The
				Math and Science Partnership (MSP) program’s Institute
				Partnerships: Teacher Institutes for the 21st century
				prepare school- and district-based intellectual leaders in
				mathematics or the sciences. With foci on subject-matter
				expertise and leadership development, the institutes deepen
				the content knowledge of experienced teachers, so that they
				can change their instructional practice, improve their students’
				achievement, and, over time, provide intellectual leadership in
				their own schools and with their own colleagues. 
				At
				Virginia Commonwealth
				University (VCU), the MSP Teacher
				Institute is preparing the first elementary
				mathematics specialists for a newly approved licensure in the
				Commonwealth of Virginia. Graduates of the Institute
				will receive a master’s degree in a program to be
				institutionalized at VCU, Norfolk State University, the
				University of Virginia and elsewhere in the Commonwealth. Data
				from the two mathematics courses in VCU’s 2005 Summer Institute
				document substantial and positive impacts on participants’

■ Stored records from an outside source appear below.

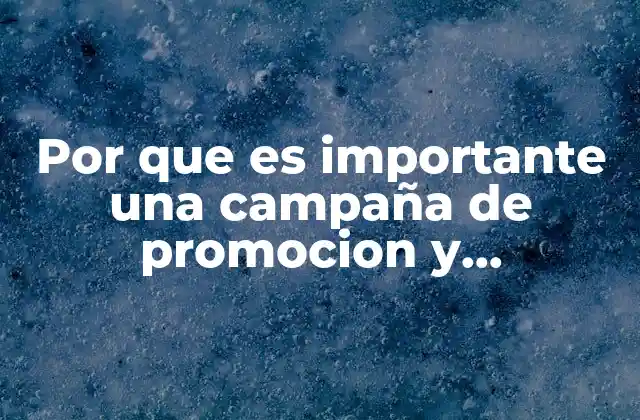 Por que es Importante una Campaña de Promocion y Publicidad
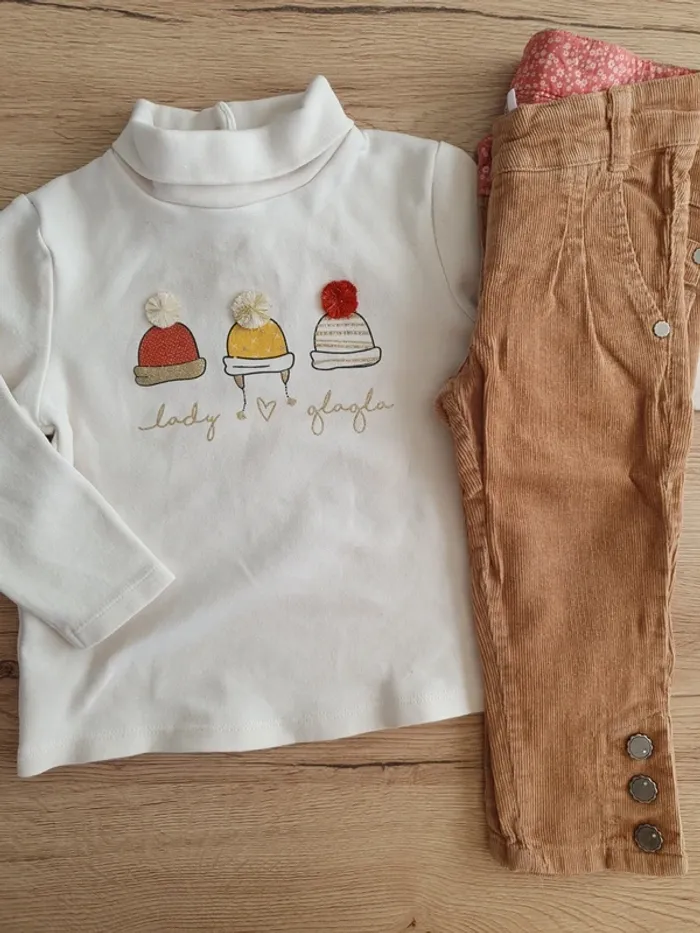 Ensemble tape à l'oeil/sergent major 2ans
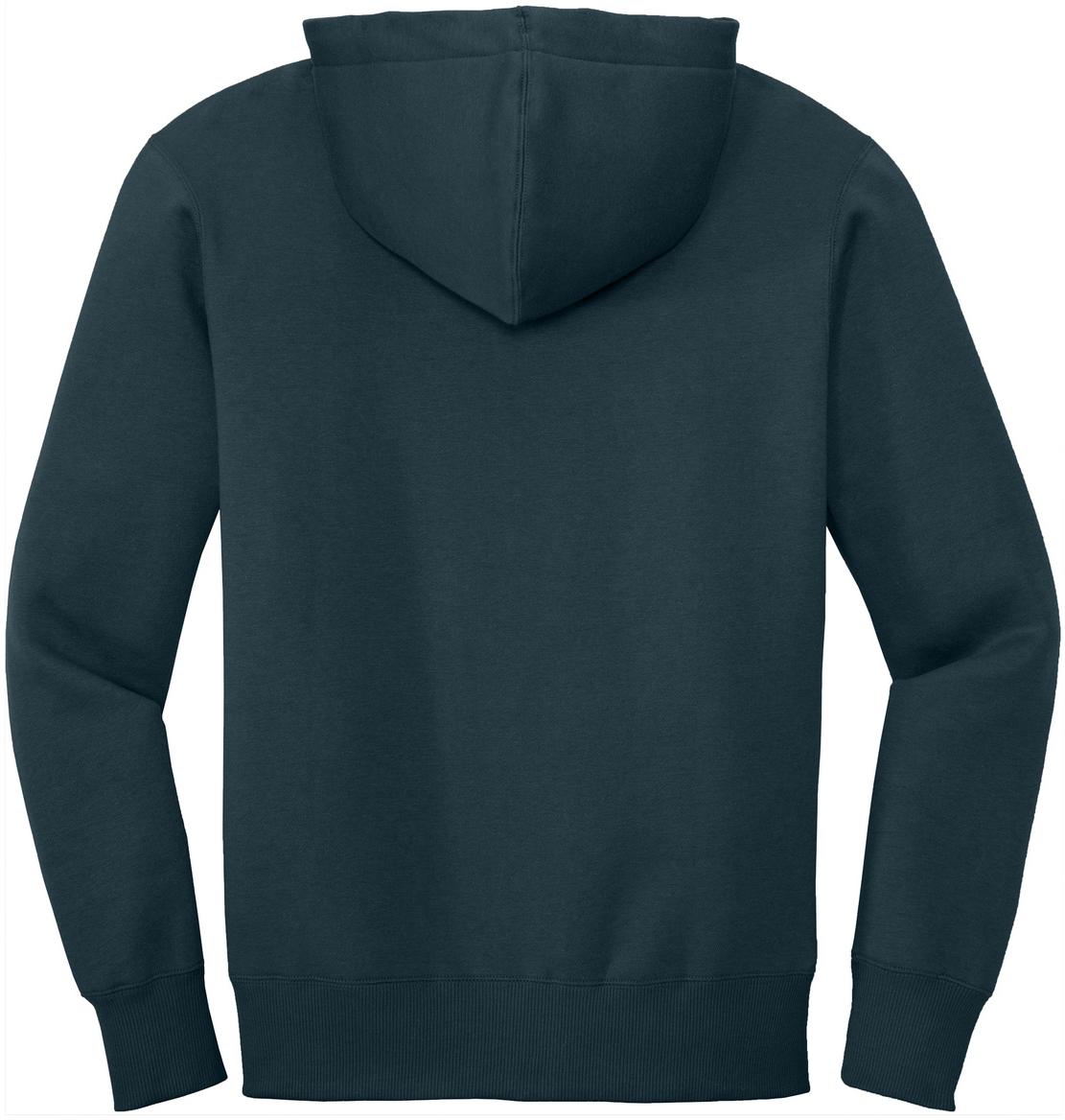 District ® Perfect Weight ® Fleece Full-Zip Mens Hoodie DT1103 Sizes XS-4XL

				knowledge of mathematics content, with differences in means that
				constitute very large effect sizes (as high as 1.27 on Geometry
				content knowledge, with scores greater than 0.8 considered to be
				a large effect), as well as on their perceived preparedness as
				classroom practitioners. 
				In
				the Rice University
				Mathematics Leadership Institute, teachers
				participating in the 2006 Summer
				Leadership Institute completed content courses
				in geometry and algebra. Changes in teachers’ knowledge of
				geometry were analyzed in a paired samples t-test using the
				scores of the 35 participants. The highest score possible on
				the geometry measure was 50. At the beginning of the
				institute,
				the teachers’ mean score on the Geometry pretest was 23.2,
				but after completion of the institute,
				their mean score on the same measure was 33.9. The change in
				score was statistically significant at the .0001 level. A
				similar approach was used to measure the change in teachers’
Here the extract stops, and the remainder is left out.